Studies in Computer Sciences and Practices in Software Engineering

Bitmap.FromFile Locks the Image File

Creating a bitmap object direct from an image file, either by using the static FromFile method, or by passing the name of the image file to the constructor, keeps the file locked until the Bitmap object is disposed. Similarly, bitmap created directly from a stream using FromStream static method or passing the stream to Bitmap constructor requires the stream to kept open for the lifetime of the bitmap object. Many people talked about it in forums or blogged about it. Few offer good insight as to the reason behind such behavior.

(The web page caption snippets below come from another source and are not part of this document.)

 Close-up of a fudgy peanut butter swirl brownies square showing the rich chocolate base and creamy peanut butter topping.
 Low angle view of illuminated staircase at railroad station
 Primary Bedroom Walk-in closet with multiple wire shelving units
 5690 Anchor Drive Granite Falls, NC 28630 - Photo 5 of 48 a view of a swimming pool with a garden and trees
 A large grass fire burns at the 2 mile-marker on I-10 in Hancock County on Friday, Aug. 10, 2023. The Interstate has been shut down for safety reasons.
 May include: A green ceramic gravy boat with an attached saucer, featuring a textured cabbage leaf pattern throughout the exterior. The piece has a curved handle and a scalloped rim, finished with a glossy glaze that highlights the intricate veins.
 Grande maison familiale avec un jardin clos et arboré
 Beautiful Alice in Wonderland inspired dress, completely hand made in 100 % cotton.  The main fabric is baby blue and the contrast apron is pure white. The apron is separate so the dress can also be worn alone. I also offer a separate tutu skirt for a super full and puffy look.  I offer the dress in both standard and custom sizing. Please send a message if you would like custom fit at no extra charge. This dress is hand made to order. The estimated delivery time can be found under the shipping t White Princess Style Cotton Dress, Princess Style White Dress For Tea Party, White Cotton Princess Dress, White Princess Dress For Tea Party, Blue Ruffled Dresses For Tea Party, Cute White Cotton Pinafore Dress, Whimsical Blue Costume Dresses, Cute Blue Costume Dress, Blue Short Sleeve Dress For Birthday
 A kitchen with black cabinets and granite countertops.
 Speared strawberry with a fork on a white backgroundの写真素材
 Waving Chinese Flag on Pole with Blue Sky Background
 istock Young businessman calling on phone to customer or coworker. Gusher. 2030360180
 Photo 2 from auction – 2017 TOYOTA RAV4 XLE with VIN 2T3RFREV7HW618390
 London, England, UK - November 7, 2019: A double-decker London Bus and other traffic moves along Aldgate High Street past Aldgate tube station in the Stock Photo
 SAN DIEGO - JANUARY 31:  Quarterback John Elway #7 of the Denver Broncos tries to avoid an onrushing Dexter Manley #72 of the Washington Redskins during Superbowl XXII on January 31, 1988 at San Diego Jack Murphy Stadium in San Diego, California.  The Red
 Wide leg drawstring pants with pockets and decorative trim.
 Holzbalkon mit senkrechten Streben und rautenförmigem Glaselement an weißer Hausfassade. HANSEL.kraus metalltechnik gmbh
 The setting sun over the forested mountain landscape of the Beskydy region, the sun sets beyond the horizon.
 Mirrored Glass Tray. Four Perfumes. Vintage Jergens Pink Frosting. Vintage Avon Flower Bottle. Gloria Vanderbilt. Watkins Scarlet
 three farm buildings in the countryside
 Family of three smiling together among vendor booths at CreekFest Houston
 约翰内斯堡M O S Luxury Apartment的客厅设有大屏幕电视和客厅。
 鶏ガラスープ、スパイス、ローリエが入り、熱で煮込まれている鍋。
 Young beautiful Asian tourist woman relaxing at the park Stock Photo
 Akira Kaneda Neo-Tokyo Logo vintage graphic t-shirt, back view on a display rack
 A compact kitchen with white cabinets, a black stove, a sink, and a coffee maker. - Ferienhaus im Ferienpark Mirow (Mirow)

It is actually not difficult to make a guess of the reason for the file locking. That is, the entire content of the image file is not loaded into the computers main memory when a bitmap map object is created from the file. Instead, the object encapsulate the image file and fetches the image data on demand. The advantage of doing this is clear cut for Windows system. In a 32 bit Windows, the main memory is quickly become the most scarce resource when TB of hard disk and GB video RAM are becoming main stream. It makes sense for a program to play only the role of transferring image between the hard drive and the video RAM. This is exactly what an image object do when it is created directly from an image file.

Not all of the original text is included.